There were previous studies that which showed that tableware can affect the taste of a food such as a glass with a blue or green color makes a drink more thirst-quenching.

They conducted several experiments varying the weight, size, shape and color of the cutlery and assessed the impact of the changes on the participants based on the ratings they give to the same food. They chose 35 participants who were not aware that they were served the same food and they have to rate them using the 9-point Likert scales according to sweetness, saltiness, expensiveness, and overall liking of the food taste.

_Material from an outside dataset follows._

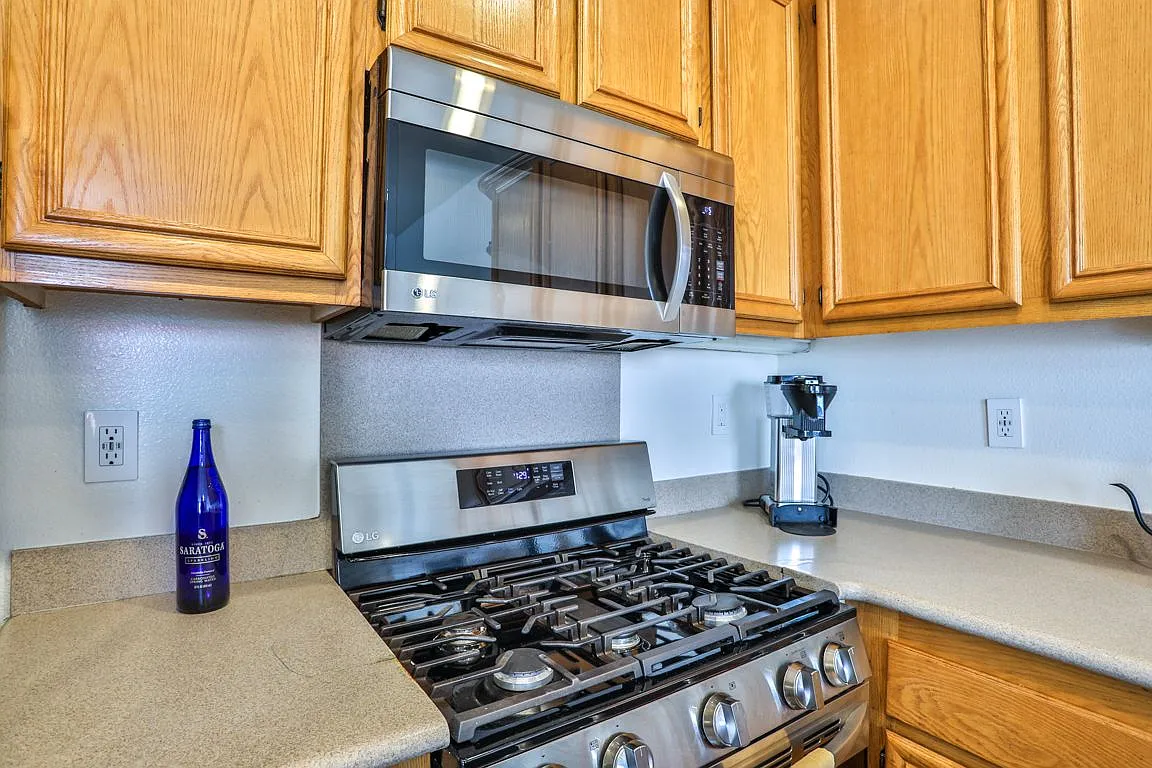 4 bed, 3.0 bath, 1831 sqft, $4,200 — Photo 4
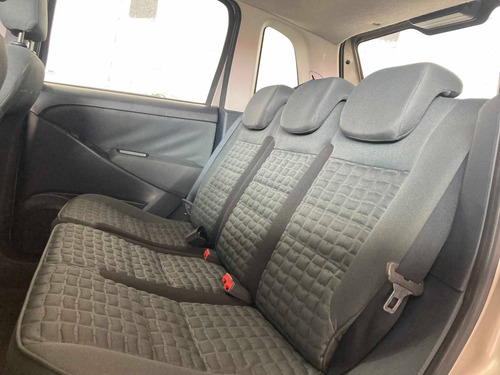 Imagem 5 de 6 de Fiat Idea 1.8 Mpi Adventure 16v Flex 4p Automatizado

The researchers used yogurt and cheese as subject for food tasting.

Weight, Size and Taste
The researchers served yogurt which the participants had to eat using a teaspoon, tablespoon, and a plastic spoon. They found out that yogurt tastes saltiest when eaten using a plastic spoon and sweetest when eaten using a teaspoon. The participants rated the yogurt served with teaspoon as the most flavorful but perceived to be more expensive when served with a tablespoon. Well, this may be the reason why coffee and desserts taste really sweet since they were often served with small spoons.

The researchers also did a blind test and the results stayed the same.

Color and Taste
The researchers used blue, black, and white spoons for comparison. They also served pink and white yogurt to see if there will be variance. Here they found out that black spoons made both yogurt less sweeter while blue made it salty. This is may be the reason why chips were often packaged in blue.

Shape and Taste
The researchers used young and aged cheese in this study wherein they vary on sharpness. The aged cheese is shaped sharper than the young cheese. The participants were asked to cut the cheese themselves and put it in their mouth directly from the knives. In the experiment, the young cheese was perceived to be less sweet, less likable, and less expensive than the aged cheese.

These experiments concluded that cutlery significantly affects the food taste.

This study was published on the June 26 issue of the journal Flavour.